Nós não controlamos o nosso peso corporal mais do que nós controlamos as nossas batidas do coração. Isto acontece automaticamente sob a influência de hormônios. Hormônios nos dizem que estão com fome. Hormônios nos dizem que estão cheios. Hormônios nos dizem quando aumentar o gasto energético. Hormônios nos dizem quando “desligar” o gasto energético. A obesidade é uma desregulação hormonal de acúmulo de gordura.
Quando nós deixamos esses hormônios saírem de sintonia, temos doenças como a obesidade. Se pudermos entender que a obesidade é um desequilíbrio hormonal, então estamos preparados para fazer a próxima pergunta - como tratar a obesidade?
Se acreditamos que o excesso de calorias causa a obesidade (CRaP - Caloric Reduction as Primary), então o tratamento é reduzir as calorias. Isto foi um fracasso total e absoluto. Se entendermos que a obesidade é causada por excesso de insulina, então precisamos diminuir a insulina.
 (...) A chave NÃO é equilibrar as calorias - é equilibrar os hormônios.

(...) parece que níveis baixos de insulina associados com baixas taxas de obesidade, não deixam claro que a ingestão elevada de carboidratos é a principal causa de altos níveis de insulina.
Da mesma forma, os habitantes de Okinawa comem muita batata doce (carboidrato). No entanto, eles são um dos povos que vivem mais no mundo e, historicamente, tiveram muito pouca obesidade.
(...)
O link de insulina com obesidade parece muito sólido. Dar insulina para as pessoas causa ganho de peso e retirá-la leva à perda de peso. No entanto, é a ligação de carboidratos à insulina que é incompleta. Há muitas coisas que podem levar ao aumento da insulina, assim como muitas coisas podem levar a uma diminuição da insulina.
A Hipótese Carboidrato-Insulina não é tanto errada, como incompleta. A noção de que os carboidratos são os únicos condutores da insulina é incorreta. Precisamos saber o que aumenta e diminui a insulina.
A fim de desenvolver um entendimento mais completo das causas da obesidade, teremos que discutir o fenômeno conhecido como resistência à insulina. (...)

E aí, no final, a gente volta ao ponto de sempre: RESISTÊNCIA Á INSULINA!!!
Você ainda tem dúvida da relação da insulina/resistência á insulina com o ganho de peso?

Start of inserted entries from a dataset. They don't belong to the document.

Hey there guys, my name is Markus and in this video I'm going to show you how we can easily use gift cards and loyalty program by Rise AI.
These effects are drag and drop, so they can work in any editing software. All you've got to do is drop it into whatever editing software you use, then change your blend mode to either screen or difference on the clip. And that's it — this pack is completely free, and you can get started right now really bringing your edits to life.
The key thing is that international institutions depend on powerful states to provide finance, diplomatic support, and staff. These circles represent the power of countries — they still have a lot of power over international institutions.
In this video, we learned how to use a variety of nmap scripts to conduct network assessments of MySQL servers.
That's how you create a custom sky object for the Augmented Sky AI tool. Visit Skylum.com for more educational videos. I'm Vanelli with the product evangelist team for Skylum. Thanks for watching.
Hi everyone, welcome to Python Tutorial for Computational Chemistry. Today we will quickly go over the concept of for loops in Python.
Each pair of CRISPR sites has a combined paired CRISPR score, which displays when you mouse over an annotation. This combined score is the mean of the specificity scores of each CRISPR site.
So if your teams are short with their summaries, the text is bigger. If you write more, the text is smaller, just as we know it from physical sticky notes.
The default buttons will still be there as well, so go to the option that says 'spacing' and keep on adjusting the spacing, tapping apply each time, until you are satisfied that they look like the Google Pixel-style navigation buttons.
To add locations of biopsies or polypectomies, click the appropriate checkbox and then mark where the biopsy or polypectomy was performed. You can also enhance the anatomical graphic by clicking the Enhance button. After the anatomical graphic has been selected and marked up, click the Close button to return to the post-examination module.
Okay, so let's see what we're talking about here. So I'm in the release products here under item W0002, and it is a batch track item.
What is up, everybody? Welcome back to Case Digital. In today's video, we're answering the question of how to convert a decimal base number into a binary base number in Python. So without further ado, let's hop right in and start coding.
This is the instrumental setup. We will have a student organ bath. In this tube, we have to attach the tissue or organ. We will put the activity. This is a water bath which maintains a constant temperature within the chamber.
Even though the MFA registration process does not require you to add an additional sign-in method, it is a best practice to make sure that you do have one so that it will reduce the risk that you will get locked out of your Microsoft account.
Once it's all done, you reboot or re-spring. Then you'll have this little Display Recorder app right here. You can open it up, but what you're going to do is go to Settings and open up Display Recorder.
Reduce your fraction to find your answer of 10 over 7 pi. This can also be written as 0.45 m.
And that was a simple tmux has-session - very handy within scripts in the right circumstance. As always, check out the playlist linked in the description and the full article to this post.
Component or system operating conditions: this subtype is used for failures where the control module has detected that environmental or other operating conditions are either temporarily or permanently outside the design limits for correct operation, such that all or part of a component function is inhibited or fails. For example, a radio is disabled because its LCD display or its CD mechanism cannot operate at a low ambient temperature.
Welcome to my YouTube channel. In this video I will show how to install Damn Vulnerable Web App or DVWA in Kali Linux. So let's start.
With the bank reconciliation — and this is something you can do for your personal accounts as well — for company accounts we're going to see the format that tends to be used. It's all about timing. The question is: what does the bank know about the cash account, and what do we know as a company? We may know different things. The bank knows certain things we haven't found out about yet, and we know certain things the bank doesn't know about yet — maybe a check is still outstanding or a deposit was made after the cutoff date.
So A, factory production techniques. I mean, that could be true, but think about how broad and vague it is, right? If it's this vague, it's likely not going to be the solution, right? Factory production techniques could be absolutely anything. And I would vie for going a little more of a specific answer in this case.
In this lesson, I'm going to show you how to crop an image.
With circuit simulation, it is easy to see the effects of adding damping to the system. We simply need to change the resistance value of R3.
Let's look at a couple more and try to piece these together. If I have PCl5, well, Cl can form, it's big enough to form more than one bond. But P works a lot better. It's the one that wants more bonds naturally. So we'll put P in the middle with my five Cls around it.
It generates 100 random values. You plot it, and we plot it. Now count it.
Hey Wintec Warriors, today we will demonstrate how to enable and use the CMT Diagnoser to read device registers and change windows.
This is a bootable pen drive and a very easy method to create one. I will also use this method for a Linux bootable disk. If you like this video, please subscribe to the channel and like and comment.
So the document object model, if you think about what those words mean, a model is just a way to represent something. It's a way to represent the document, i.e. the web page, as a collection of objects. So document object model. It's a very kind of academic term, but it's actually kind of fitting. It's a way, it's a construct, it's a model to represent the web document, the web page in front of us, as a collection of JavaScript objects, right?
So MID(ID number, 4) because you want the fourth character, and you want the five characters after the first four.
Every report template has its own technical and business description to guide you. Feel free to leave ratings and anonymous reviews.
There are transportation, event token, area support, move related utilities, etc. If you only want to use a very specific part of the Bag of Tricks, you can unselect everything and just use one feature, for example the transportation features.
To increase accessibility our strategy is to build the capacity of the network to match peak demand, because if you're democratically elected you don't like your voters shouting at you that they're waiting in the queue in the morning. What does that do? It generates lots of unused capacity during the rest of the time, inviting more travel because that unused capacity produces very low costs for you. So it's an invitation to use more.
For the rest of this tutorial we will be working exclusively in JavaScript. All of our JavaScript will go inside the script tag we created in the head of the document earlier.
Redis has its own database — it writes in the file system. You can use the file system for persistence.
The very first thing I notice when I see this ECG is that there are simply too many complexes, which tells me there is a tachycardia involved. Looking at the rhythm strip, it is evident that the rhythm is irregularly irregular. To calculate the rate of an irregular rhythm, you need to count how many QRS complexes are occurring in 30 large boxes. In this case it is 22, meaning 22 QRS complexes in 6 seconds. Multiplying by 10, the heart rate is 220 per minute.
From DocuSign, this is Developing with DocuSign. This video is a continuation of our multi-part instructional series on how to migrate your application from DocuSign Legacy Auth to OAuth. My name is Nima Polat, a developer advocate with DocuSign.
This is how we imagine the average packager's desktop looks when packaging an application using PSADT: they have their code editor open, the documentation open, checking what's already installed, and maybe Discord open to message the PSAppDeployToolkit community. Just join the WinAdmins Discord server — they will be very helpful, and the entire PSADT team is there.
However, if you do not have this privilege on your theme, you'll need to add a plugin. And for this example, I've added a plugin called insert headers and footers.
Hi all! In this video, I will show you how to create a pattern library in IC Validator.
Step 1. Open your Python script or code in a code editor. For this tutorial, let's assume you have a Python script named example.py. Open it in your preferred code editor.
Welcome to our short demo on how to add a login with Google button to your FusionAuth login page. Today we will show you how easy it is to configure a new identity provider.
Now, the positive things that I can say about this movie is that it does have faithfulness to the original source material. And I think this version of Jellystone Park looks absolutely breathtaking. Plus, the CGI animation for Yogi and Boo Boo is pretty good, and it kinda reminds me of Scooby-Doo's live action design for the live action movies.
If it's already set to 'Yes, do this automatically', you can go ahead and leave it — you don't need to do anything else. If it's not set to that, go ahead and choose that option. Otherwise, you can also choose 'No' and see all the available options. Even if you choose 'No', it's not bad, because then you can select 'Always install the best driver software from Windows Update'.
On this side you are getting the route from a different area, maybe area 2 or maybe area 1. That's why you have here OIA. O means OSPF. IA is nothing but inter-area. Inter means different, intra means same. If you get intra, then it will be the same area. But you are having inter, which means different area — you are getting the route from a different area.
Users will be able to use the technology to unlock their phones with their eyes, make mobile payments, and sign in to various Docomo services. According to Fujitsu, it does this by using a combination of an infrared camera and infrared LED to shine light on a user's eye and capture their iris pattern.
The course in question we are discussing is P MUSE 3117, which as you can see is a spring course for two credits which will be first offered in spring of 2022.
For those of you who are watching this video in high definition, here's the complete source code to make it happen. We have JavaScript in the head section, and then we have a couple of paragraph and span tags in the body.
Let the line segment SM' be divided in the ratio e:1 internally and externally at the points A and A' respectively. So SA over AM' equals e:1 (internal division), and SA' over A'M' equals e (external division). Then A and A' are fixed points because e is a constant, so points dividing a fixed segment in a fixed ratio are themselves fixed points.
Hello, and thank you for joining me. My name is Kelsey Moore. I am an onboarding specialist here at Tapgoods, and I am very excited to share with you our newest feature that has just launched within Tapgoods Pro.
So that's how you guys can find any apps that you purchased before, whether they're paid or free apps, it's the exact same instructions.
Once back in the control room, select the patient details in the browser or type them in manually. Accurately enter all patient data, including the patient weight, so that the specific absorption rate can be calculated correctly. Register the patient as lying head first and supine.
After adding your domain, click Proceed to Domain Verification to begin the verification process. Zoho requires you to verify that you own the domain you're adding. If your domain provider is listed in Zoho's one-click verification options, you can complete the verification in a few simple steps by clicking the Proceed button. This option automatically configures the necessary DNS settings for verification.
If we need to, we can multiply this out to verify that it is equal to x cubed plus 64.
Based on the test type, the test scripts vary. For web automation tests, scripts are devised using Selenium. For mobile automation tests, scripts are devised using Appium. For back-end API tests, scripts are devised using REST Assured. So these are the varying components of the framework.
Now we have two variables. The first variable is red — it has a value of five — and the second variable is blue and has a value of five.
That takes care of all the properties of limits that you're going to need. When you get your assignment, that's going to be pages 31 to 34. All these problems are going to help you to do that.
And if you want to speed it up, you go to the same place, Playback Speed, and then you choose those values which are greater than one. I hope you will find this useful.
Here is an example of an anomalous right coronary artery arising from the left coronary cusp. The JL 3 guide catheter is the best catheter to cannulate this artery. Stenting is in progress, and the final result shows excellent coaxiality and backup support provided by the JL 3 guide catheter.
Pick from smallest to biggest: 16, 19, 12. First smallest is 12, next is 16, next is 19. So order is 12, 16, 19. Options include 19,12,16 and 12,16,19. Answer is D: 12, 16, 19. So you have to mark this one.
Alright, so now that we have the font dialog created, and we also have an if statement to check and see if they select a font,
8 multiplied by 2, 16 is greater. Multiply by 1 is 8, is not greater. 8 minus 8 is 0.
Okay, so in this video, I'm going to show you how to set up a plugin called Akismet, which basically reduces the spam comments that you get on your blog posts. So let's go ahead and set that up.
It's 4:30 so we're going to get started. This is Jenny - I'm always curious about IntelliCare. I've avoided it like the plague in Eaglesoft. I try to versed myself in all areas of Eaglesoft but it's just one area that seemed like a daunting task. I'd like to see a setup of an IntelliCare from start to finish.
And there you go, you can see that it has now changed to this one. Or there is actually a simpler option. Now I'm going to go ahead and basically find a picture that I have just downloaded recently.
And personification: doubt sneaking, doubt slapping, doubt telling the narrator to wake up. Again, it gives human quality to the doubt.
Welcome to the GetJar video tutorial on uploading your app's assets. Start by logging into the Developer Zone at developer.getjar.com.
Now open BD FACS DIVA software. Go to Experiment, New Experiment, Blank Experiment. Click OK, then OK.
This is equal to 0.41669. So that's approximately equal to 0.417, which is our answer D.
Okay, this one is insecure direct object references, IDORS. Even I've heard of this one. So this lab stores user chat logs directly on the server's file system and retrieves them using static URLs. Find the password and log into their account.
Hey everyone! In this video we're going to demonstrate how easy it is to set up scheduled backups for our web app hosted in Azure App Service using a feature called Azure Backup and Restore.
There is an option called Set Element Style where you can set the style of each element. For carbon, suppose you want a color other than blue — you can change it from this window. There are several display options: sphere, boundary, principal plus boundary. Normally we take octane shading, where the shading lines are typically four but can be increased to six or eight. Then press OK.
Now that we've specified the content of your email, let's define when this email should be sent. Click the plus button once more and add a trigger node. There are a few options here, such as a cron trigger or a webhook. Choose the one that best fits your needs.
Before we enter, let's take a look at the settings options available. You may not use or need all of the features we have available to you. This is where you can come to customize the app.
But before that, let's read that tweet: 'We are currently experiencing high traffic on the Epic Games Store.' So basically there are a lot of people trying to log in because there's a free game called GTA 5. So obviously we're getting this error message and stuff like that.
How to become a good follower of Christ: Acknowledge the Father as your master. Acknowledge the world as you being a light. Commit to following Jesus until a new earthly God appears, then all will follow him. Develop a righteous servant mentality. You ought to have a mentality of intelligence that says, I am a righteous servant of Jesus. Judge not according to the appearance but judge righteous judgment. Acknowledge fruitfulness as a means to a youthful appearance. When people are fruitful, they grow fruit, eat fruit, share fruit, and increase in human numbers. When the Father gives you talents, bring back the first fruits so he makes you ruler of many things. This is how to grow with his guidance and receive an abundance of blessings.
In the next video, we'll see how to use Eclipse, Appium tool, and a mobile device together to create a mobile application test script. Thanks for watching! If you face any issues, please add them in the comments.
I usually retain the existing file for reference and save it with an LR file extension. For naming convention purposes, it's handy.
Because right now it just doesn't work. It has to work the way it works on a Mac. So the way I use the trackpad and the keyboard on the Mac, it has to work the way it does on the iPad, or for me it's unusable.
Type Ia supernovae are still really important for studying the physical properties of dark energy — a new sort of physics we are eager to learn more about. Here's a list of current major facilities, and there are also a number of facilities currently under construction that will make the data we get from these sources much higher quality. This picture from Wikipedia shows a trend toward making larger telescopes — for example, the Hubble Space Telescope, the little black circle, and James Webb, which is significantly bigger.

Veja a foto abaixo e observe que ela indica a insulina basal de cada uma das três pessoas: 
As pessoas que aparecem nessa foto são três participantes de uma série do Programa Fantástico da rede Globo, chamada “Ideal para você”, que começou a ser exibido em maio de 2016. A série foi baseada no especial da BBC “What´s the Right Diet for You?”. No Brasil, o professor de educação física, Márcio Atalla, orientou os três voluntários, que estavam acima do peso, Paulo, Mariana e Gabriela a descobrir que tipo de atividade física o corpo de cada um respondia melhor.
Eu tirei essa foto porque me chamou atenção o fato dos 3 participantes estarem com a insulina elevada (assim como eu!). Faz sentido pra você o que o dr. Jason Fung falou sobre o ajuste do peso corporal??? Pra mim faz! Insulina alta = estoque de gordura corporal!